Tel fut, ajoute Lemercier, l’un de mes entretiens avec l’homme historique qui, en renversant toutes nos libertés, me sépara de l’homme qui les avait glorieusement défendues ; car c’est Napoléon seul qui m’a brouillé avec Bonaparte.

L’inauguration de l’empire lui porta en effet un coup mortel. C’était son rêve qui s’écroulait.
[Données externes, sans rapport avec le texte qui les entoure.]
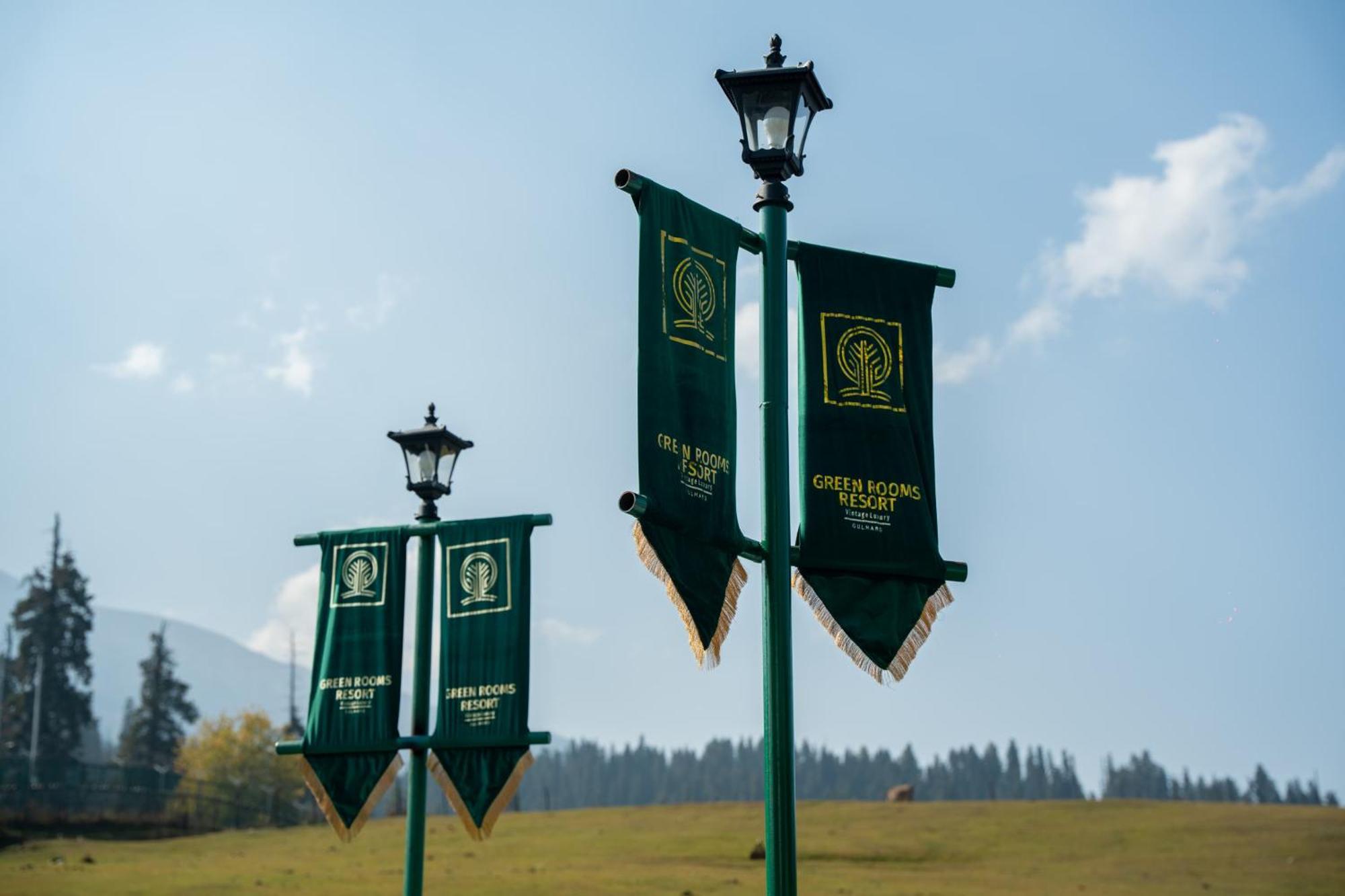 Green Rooms Resort グルマルグ エクステリア 写真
C’était son héros qui tombait ! Appelé près de lui, il osa lui dire : « Vous vous amusez à refaire le lit des Bourbons, vous n’y coucherez pas », et, lors de la fondation de la Légion d’honneur, une des premières croix ayant été envoyée à Lemercier, il la refusa avec une lettre devenue historique.

Alors commença entre le souverain et le poète une lutte où le poète seul resta digne. L’interdit est jeté sur les œuvres théâtrales de Lemercier ; il se tait. On lui insinue qu’une prière de lui fera lever la défense ; il refuse de l’écrire. Exproprié d’une maison qui composait tout son patrimoine, on lui en fait attendre l’indemnité pendant plusieurs années ; il se tait ! On lui dit qu’un mot de sa main à l’empereur couperait court à tout retard ; il refuse de l’écrire. Il se réfugie à un cinquième étage, pauvre, vivant dans le travail, et ne sortant de sa retraite et de son silence que par quelques répliques à la Corneille. Un jour de réception aux Tuileries, où l’Institut avait été mandé, l’empereur aperçut, dans un angle du salon, Lemercier confondu avec ses confrères. Il écarte tout le monde d’un geste, va droit au poète et lui dit : « Hé bien ! Lemercier, quand me ferez-vous une belle tragédie ? ― J’attends, Sire », lui répond le poète. En 1812, à la veille de la campagne de Russie, ce mot ressemblait à une parole de prophète.

L’empire tombé, Lemercier poursuivit de ses sarcasmes l’alliance de l’impérialisme et du libéralisme. « Il y a des pactes, disait-il, que la liberté n’a pas le droit de faire. Quand elle s’allie avec le despotisme, que ce soit avec celui d’en bas ou avec celui d’en haut, elle se souille. » Cette persistance d’austère républicanisme contrastait tellement avec l’adoration monarchique et impériale qui se partageait la France, qu’on ne voulut voir dans ce patriotique ressentiment qu’une petite haine personnelle. Un jour vint qui montra bien que tout était grand dans cette grande âme. Ce jour-là ce fut le 21 mai 1821, quand retentit dans Paris cette parole : « L’empereur est mort ! » A cette nouvelle, Lemercier, saisi au cœur, fondit en larmes. Que pleurait-il donc ? Ce qu’il pleurait ? Ce n’était pas le mort de la veille, c’était le mort d’il y avait vingt-cinq ans ! ce n’était pas l’empereur, c’était le premier consul ! ce n’était pas Napoléon, c’était Bonaparte ! c’était son ami d’autrefois ; c’était le grand homme qu’il avait espéré pour la France ; c’était le Washington de génie qu’il avait rêvé ! De telles larmes suffisent à peindre un homme. Il fut pendant toute sa vie l’homme de ces larmes-là. A toutes ses actions se mêlait je ne sais quoi d’héroïque. Sa sincérité était absolue. Son dévouement était sans bornes. Son désintéressement touchait à la vertu. Il ne voulut jamais percevoir aucun droit de ses ouvrages, et tout ce qu’il a gagné, il l’a donné. « Je crois, comme Boileau, disait-il,

 
Qu’on peut sans crime
Tirer de ces écrits un profit légitime ;


mais, quant à moi, la plume me tomberait des mains si je me disais, en écrivant, que ma pensée me rapportera quelque chose. J’aurais toujours peur d’en arriver à penser pour gagner. » L’homme qui parlait ainsi a eu le droit de faire inscrire sur son tombeau cette simple et fière épitaphe :



CY GIT NÉPOMUCÈNE LEMERCIER

Il fut homme de bien et cultiva les lettres.